-- Provided material follows --

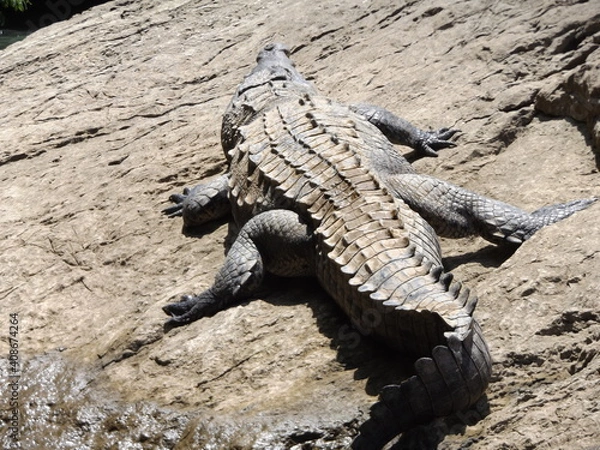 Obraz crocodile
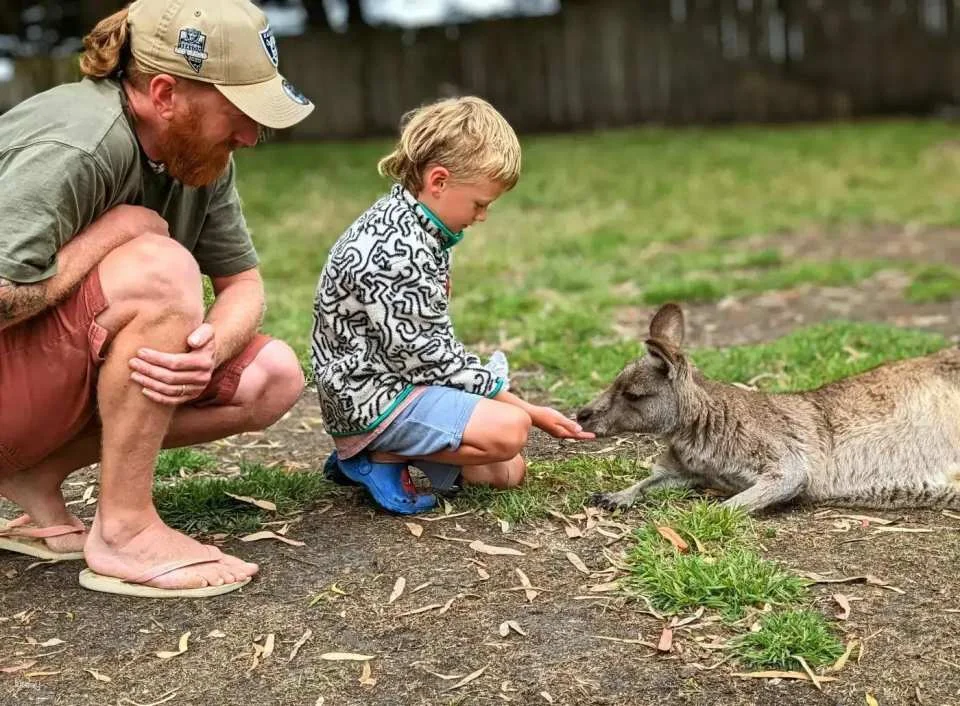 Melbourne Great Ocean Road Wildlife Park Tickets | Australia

-- Provided material concluded --
-- Provided material follows --

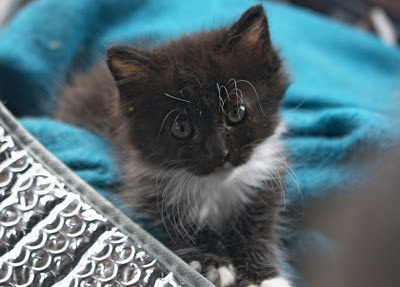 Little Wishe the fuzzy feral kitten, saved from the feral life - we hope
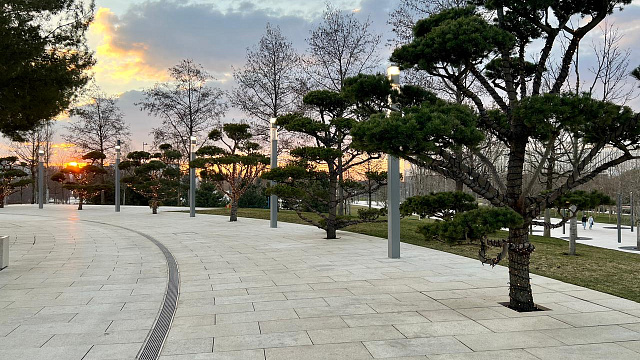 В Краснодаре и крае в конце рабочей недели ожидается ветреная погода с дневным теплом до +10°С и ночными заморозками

-- Provided material concluded --
-- Provided material follows --

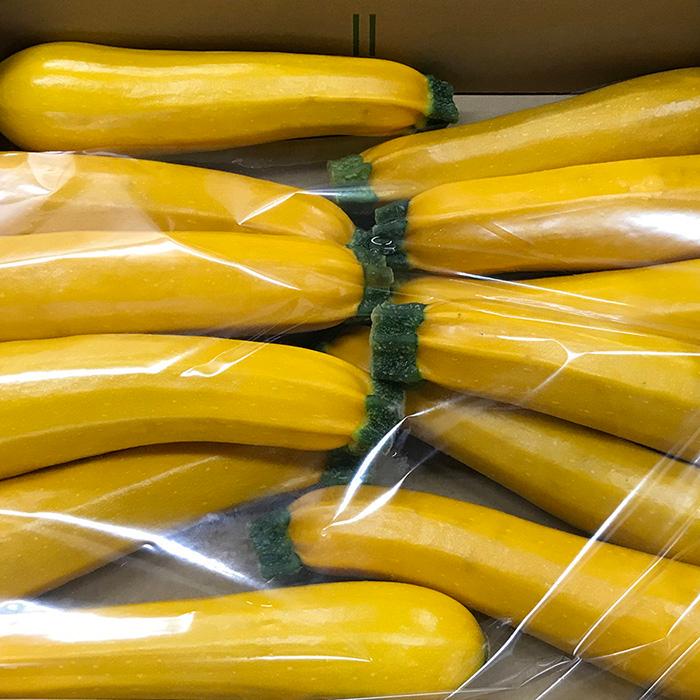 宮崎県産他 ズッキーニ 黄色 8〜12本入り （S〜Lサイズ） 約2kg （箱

-- Provided material concluded --

Beginning at the line above that contains "Little Wishe the" and going on through the line that contains "В Краснодаре и", please copy every line exactly, leaving the pictures out and adding nothing.

 Little Wishe the fuzzy feral kitten, saved from the feral life - we hope
 В Краснодаре и крае в конце рабочей недели ожидается ветреная погода с дневным теплом до +10°С и ночными заморозками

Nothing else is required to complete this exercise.